Tormenta pasajera. La polémica provocada en el Ayuntamiento por la controvertida carta que el arquitecto y miembro del jurado del concurso del Auditorio, Salvador Pérez Arroyo, remitió al alcalde Lazcoz, en la que calificaba el procedimiento seguido de «disparatado», no ha conseguido sacudir los cimientos de un proceso «transparente, legal e intachable», en opinión de los impulsores del proyecto.
PSE y PNV, los dos grupos que promueven el futuro complejo de la plaza de Euskaltzaindia, zanjaron ayer la controversia suscitada por la misiva firmada por Salvador Pérez Arroyo, publicada en exclusiva por EL CORREO. En ella, el arquitecto, uno de los cinco miembros que conformaban el jurado -además del ingeniero japonés en acústica Yasuhisa Toyota-, y que fallaron a favor del diseño presentado por el estudio madrileño de Mariano Bayón, califica el concurso de «disparatado» y asegura que los puntos se otorgaron «sin control» a los aspirantes. Aventura, además que la adjudicación municipal podría ser recurrida.
El alcance y la gravedad de sus acusaciones obligaron al Gabinete Lazcoz a trasladar ayer un mensaje de «tranquilidad, confianza, rigor y seriedad». Lo hizo su portavoz y teniente de alcalde, Juan Carlos Alonso, quien, tras mostrar su «confianza absoluta en el proceso y en el proyecto» ganador, arremetió contra Pérez Arroyo por sus «berrinches y pataletas».

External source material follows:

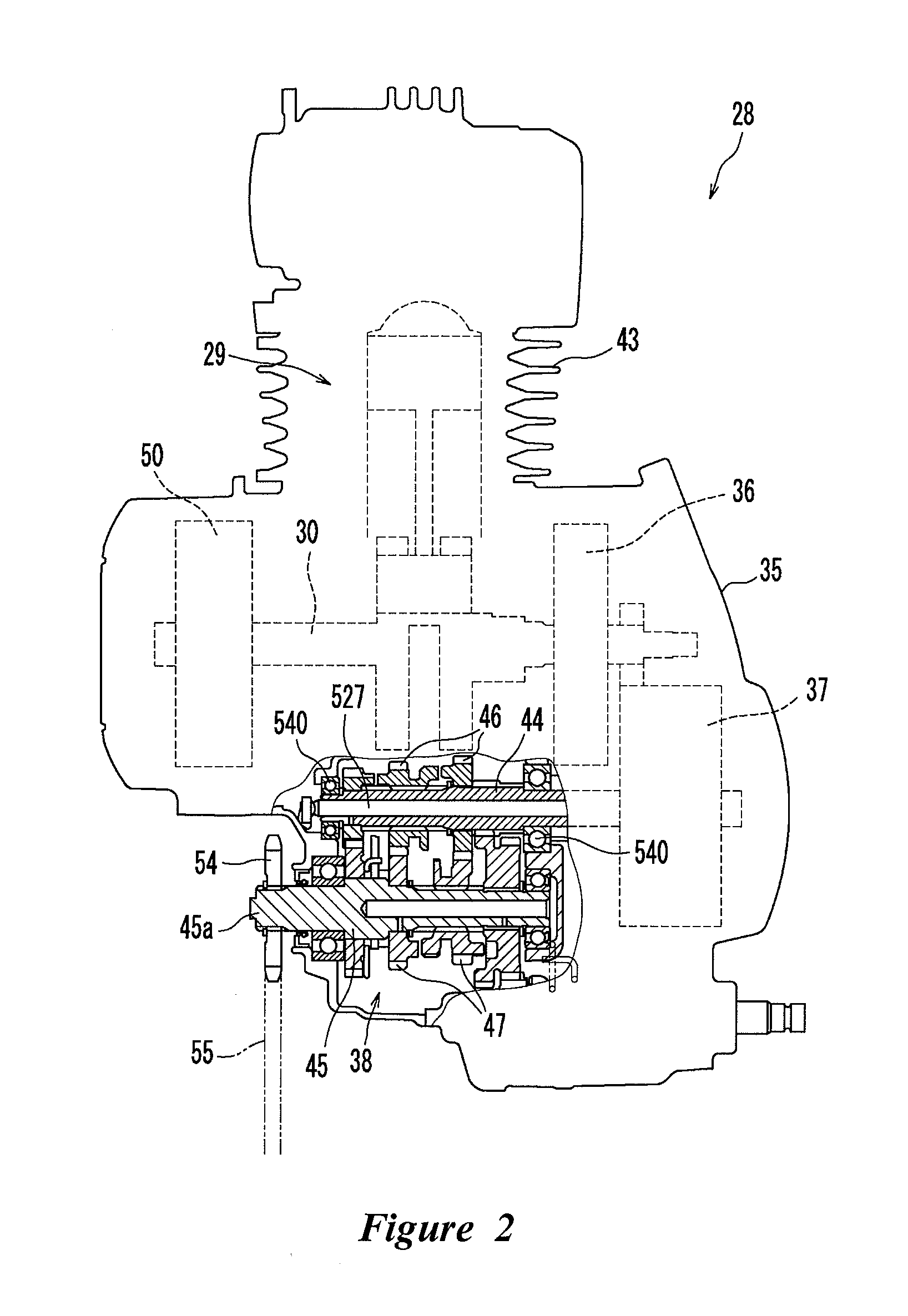 Transmission controller and vehicle including the same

El concejal socialista repitió hasta en tres ocasiones que el arquitecto madrileño «conocía de antemano las reglas del juego», y que «decidió participar en él, pese a no estar obligado a ello». Y es que el profesional madrileño fue seleccionado por los propios aspirantes al concurso -recibió dos votos de los 22 posibles- para que formara parte del tribunal. «Él aceptó participar, valorar, decidir y cobrar, así que éticamente es incompatible una cosa con la otra», valoró Juan Carlos Alonso.
Lazcoz «no ocultó nada»
Su férrea defensa del procedimiento seguido por el Ayuntamiento tampoco flaqueó cuando fue cuestionado por los motivos por los que el alcalde no reveló la existencia de la polémica carta a los grupos municipales de PP, EB y EA. Y es que, según pudo saber este periódico, no fue hasta ayer por la mañana -una vez hecho público el contenido de la misiva- cuando la teniente de alcalde, Maite Berrocal, se la hizo llegar a alguno de los portavoces de la Corporación.

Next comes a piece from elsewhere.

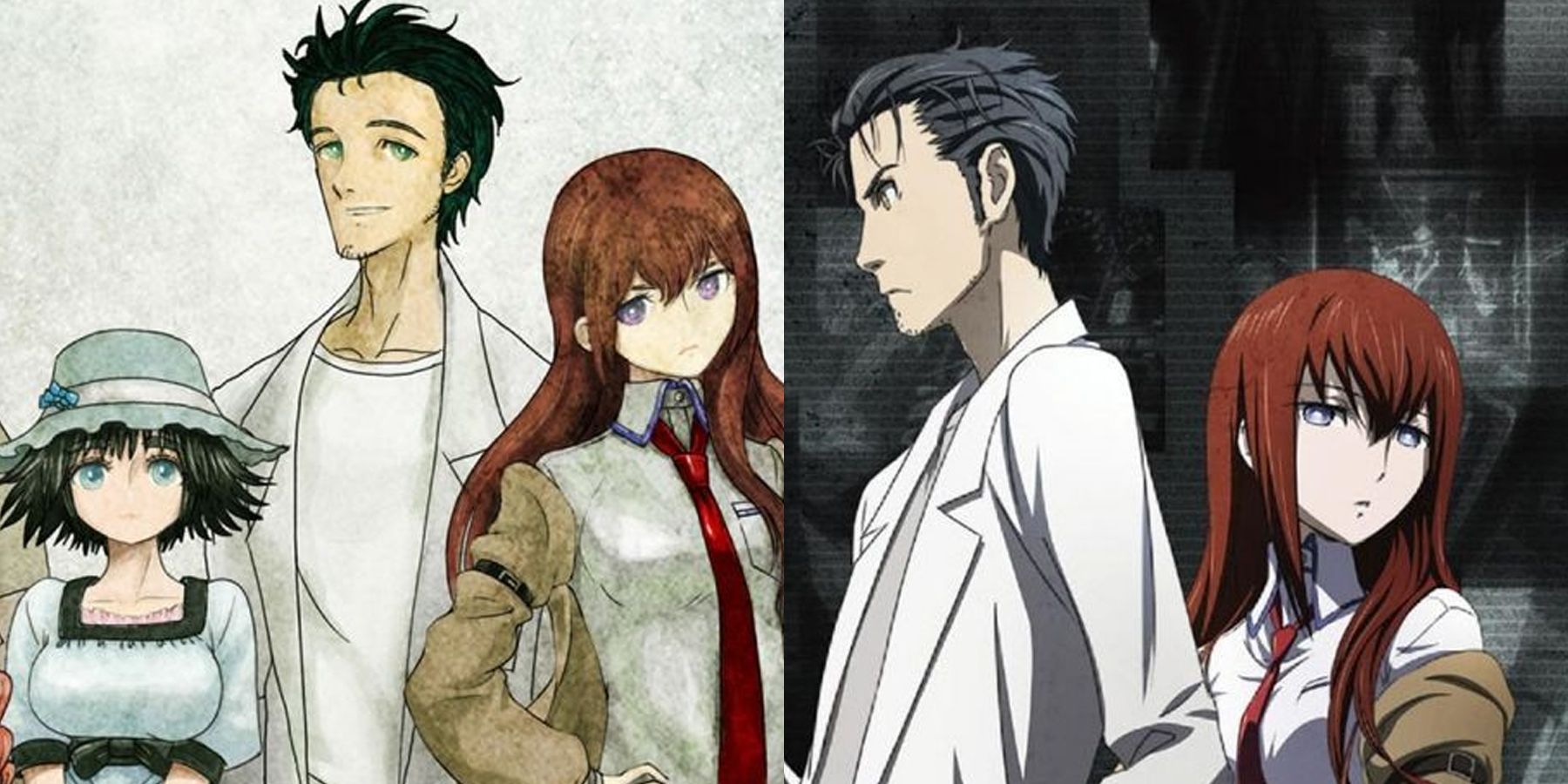 Featured - Why the Steins Gate Anime is better than the Visual Novel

Visiblemente molesto, el edil de Urbanismo aseguró que Lazcoz «no ocultó nada», ya que cuando recibió la carta de Pérez Arroyo, «se lo comunicó al presidente de la ponencia» que impulsa el Auditorio, el concejal del PNV, Iñaki Prusilla.
«Hizo -comparó Juan Carlos Alonso- lo mismo que habría hecho con cualquier otro aspecto relacionado con ese grupo de trabajo. Lo comunicó a su presidente para que éste diera cuenta de ello en la próxima reunión». Ésta, sin embargo, no se ha celebrado todavía.
Así lo recalcó también horas después el PNV que, en un comunicado remitido a los medios de comunicación, reconoció que un día después de que le llegara la carta «el alcalde dio cuenta de su existencia al portavoz del grupo municipal», Mikel Martínez. Pese a ello, continúa la nota de prensa, «estimamos que, además de que el presidente de la ponencia no recibió del alcalde ninguna instrucción para que lo hiciera público, quien debe difundirlo si lo cree oportuno es su destinatario».
«Con cautela»
Aclarado este asunto, el PNV cerró también filas en torno al proceso de adjudicación que Salvador Pérez Arroyo puso en el punto de mira. «Ha sido absolutamente transparente, legal y conforme al pliego de condiciones aprobado en su día».
Con mayor cautela se pronunció el único concejal de EA en el Ayuntamiento de Vitoria, Antxon Belakortu. Para el edil abertzale, las apreciaciones del miembro del jurado «no son más que una opinión más» y, pese a calificar la carta de «muy grave» e instar a «revisar el asunto con cautela», Belakortu se atrevió a sacar su propia conclusión.«Lo que se deduce es que este señor no quería la adjudicación de este proyecto, quería otro», remató.